Plusieurs exemples curieux de ces condamnations et exécutions ont eu lieu sur différents points de France. Les cas les plus singuliers sont relatifs aux procédures dirigées, non contre un animal isolé, mais contre des collections de bêtes nuisibles et malfaisantes, pour la plupart insaisissables.. Dans ce cas, ce n’était pas la justice ordinaire mais bien les tribunaux ecclésiastiques qui évoquaient l’affaire. Tous les ressorts de la controverse et de la discussion étaient mis en jeu. Fin de non recevoir, exceptions dilatoires, sursis, nullité, tout était invoqué suivant les lois d’une procédure formaliste à l’excès. Souvent le juge ordonnait qu’il soit informé sur les dégâts imputés aux animaux, ce qui amenait de nouvelles lenteurs. Les demandeurs offraient alors à ces mêmes animaux un endroit où ils puissent se retirer jusqu’à la fin de l’enquête, sans causer autant de ravages, et, quand tout était régularisé, le juge ecclésiastique fulminait contre les bêtes récalcitrantes le monitoire qui devait précéder l’excommunication. Ce monitoire était tout simplement une injonction d’avoir à déguerpir dans un délai qui variait suivant la nature et l’importance des dégâts. Comme on le pense, cette sommation restait à l’état de lettre morte . Aussi, dès que le délai imparti pour le déguerpissement était écoulé, l’autorité supérieure prononçait solennellement la malédiction et l’excommunication des animaux ravageurs.

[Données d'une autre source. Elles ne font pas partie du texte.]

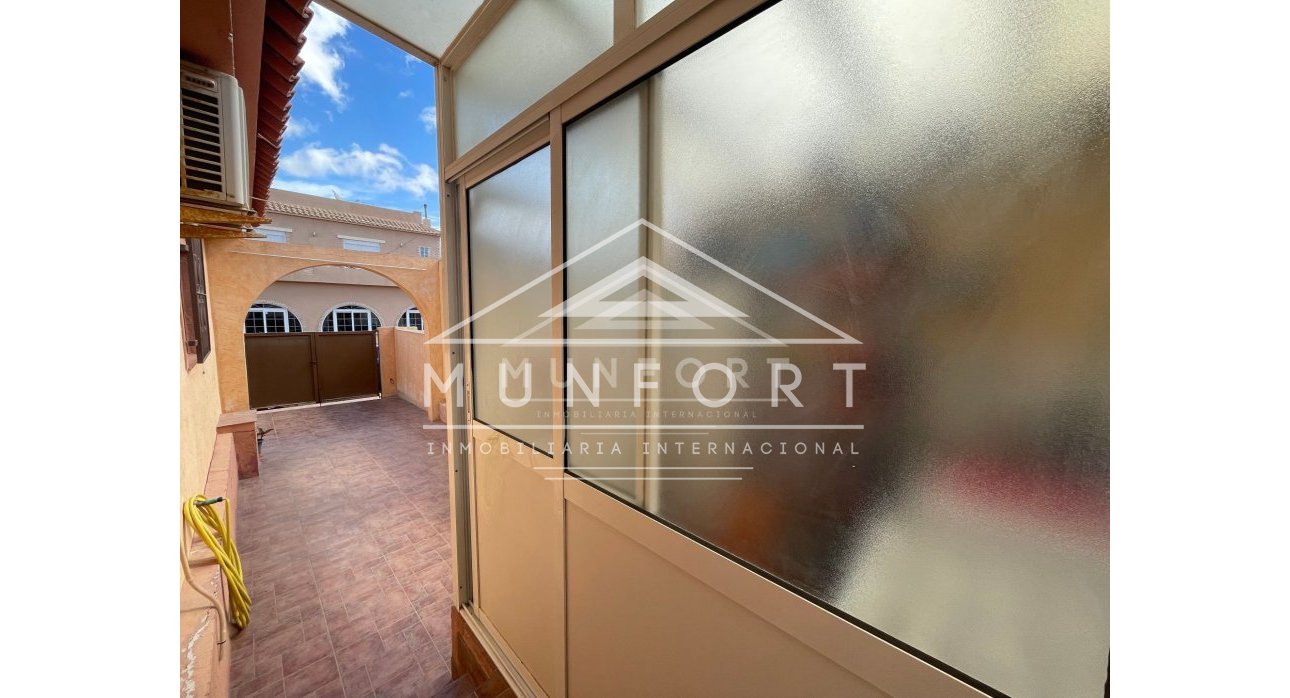 Återförsäljning - Villor -
Alcázares, Los - Los Narejos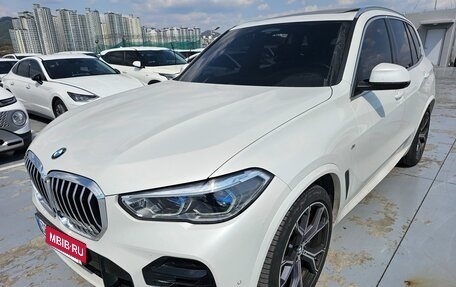 BMW X5, 2022 год, 6 300 000 рублей, 8 фотография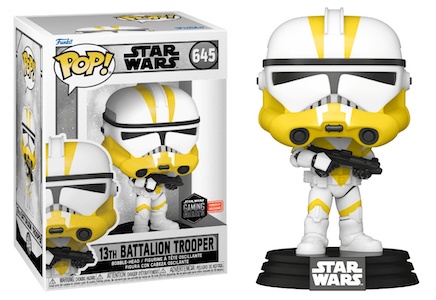 Ultimate Funko Pop Star Wars Figures Checklist and Gallery 726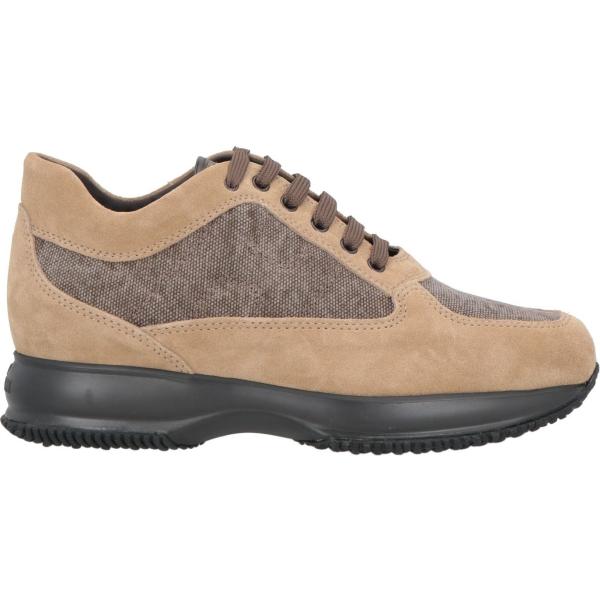 sneakers Hogan marrone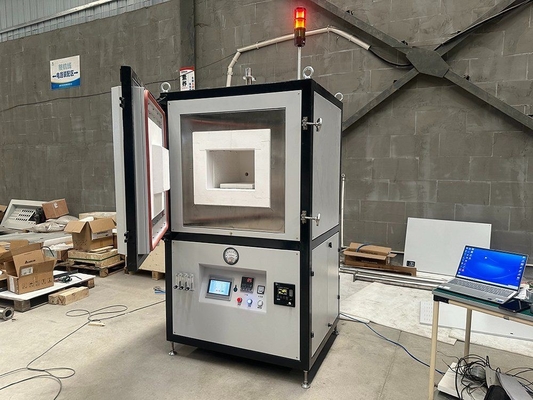 Custom Inert Atmosphere Box Furnace Heat Treatment Industrial 850 C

Ces procédures ne constituaient qu’une espèce de symbole destiné à ramener le sentiment de la justice parmi les populations qui ne connaissaient de droit que le droit du plus fort et de loi que la loi de l’intimidation et de la violence.

L’ évêque de Laon, en 1120, imagina d’excommunier les chenilles et les mulots qui dévastaient les récoltes de son diocèse. Elle fut suivie l’année d’après, par celle que lança saint Bernard contre les mouches qui avaient envahi la chapelle de l’abbaye de Soigny. Aussitôt que le saint personnage eut parlé, les mouches tombèrent toutes mortes !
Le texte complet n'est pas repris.